I’m another pissed off Veteran that feels this is being rammed down our throats. I moved here five years ago, retiring after a 26 year career. I don’t WANT to move anymore, nor am I interested in living in a town like Edmond (economically boosted Choctaw?). If I was, I would’ve moved there. I think these guys learned in 1999 to keep everything under wraps. If no one “complains”, everyone MUST be for it.
Shame on you, OTA and government leaders.
I moved to Newalla, closer to Choctaw, in 2009 for a nice quiet life. We built our dream home, brought our first and only child home here, and now will more than likely lose it to this idiocracy. I, too, am a veteran of over 19, and of those 19 years I have lived in Ok for 18 of them. I love this state, but this has really made me reevaluate my future retirement plans of staying here to raise our daughter. I have had many emotions when it comes to this issue and what it boils down to is be prepared. Do the research and like the article says, stay involved. I have done none of those things but must move forward.
Great article Dawn. Keep up the good work. We know you are a straight shooter.

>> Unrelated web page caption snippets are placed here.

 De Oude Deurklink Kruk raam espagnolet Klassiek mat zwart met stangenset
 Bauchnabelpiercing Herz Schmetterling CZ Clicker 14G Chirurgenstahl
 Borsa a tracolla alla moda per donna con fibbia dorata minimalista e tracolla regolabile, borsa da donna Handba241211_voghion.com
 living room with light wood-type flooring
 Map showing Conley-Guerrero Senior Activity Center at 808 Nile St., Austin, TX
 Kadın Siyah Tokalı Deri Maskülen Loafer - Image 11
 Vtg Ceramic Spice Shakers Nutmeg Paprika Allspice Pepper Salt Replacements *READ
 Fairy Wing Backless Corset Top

To the veterans, thank you for your service. It is a horrible embarrassment to know our state, county and city governments have chosen to mistreat you after your service and decision to make your forever home right here in eastern Oklahoma County. I am sickened by every action taken by the whole “lot” of them. I probably won’t lose my home but, will be right on the edge possibly with a ramp in my backyard. We had plans after retirement 3 years ago, now everything is on hold and in question. I noticed as I have been out passing out flyers and talking to people as well as scanning the crowd at the meeting last week the enormous amount of silver haired citizens. Yes, many of us set up to retire here and have a forever home. Built shops, garages, craft building, pools, put our personal stamps on or homes and land to enjoy to the end of our lives. So disheartening to have these dreams, hopes and plans pulled right our from under us. We are a mad group and a group for what is right. I think we will be a force to be reckoned with. Everyone, continue to stand up for what is right.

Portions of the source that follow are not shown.